▸ THE RECORDS:
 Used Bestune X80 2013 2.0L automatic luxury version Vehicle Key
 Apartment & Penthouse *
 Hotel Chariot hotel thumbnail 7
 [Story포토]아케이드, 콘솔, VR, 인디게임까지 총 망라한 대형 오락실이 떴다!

--

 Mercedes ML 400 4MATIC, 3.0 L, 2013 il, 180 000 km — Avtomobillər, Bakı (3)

▸ BRIEF: In the listing above, locate the line with "Hotel Chariot hotel thumbnail 7" and the line with "[Story포토]아케이드, 콘솔, VR, 인디게임까지", then extract exactly those lines and every line between them, and nothing more.

▸ PROBLEM SOLUTION:
 Hotel Chariot hotel thumbnail 7
 [Story포토]아케이드, 콘솔, VR, 인디게임까지 총 망라한 대형 오락실이 떴다!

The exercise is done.